The international mega-corporation Kimberly-Clark, who makes multiple products for adult, family, baby and child care, recently announced that it was going to cut 5,500 jobs. This accounts for roughly 13 percent of its total global workforce with the result of either closing or selling 10 of its 91 international factories. Two of its brands, Kleenex and Huggies have seen significant drops in sales, thus the need to restructure the company in order to streamline expenses. When the CEO, Tom Falk, was asked why this was happening, he stated that Americans are having fewer babies. Mr. Falk went on to say, “You can’t encourage moms to use more diapers in developed markets when the babies aren’t being born in those markets.”

This problem also affects the economy because there is a trickle-down effect which pervades all other industries.
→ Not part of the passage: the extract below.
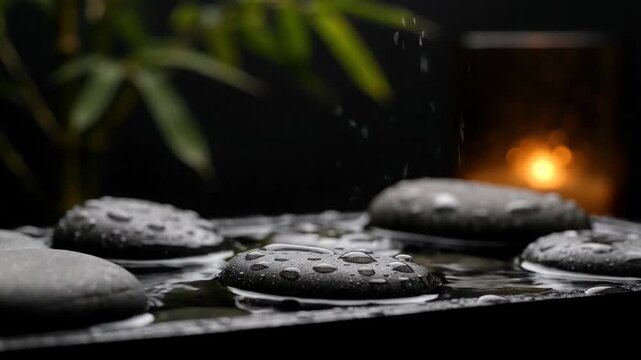 Relaxing ambiance of candles and stones in a serene garden during rainfall at night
If 5,500 people lose their jobs, then that cascades into those people buying less food, gas, clothing, transportation, and other items, which causes a decrease in sales in other industries, thus a slowdown and loss of more jobs. Children, besides primarily being a gift of God, are economic generators. They need to be fed, clothed, housed, seen by a doctor, taught by teachers, etc. As they grow older, they begin to spend money on clothes, food, sports, electronics, school stuff and various other activities which adds jobs to an economy in order to provide such services.

The average replacement figure for a nation to maintain its current population is 2.1 children per family. The United States is currently at 1.9 children per family, excluding immigration numbers. Countries in Europe such as Spain and Italy have replacement population rates of around 1.4 and thus are shrinking in population. If people continue to use contraception and abortion to prevent children from being born, they will eventually breed themselves out of existence as well as destroy their economies.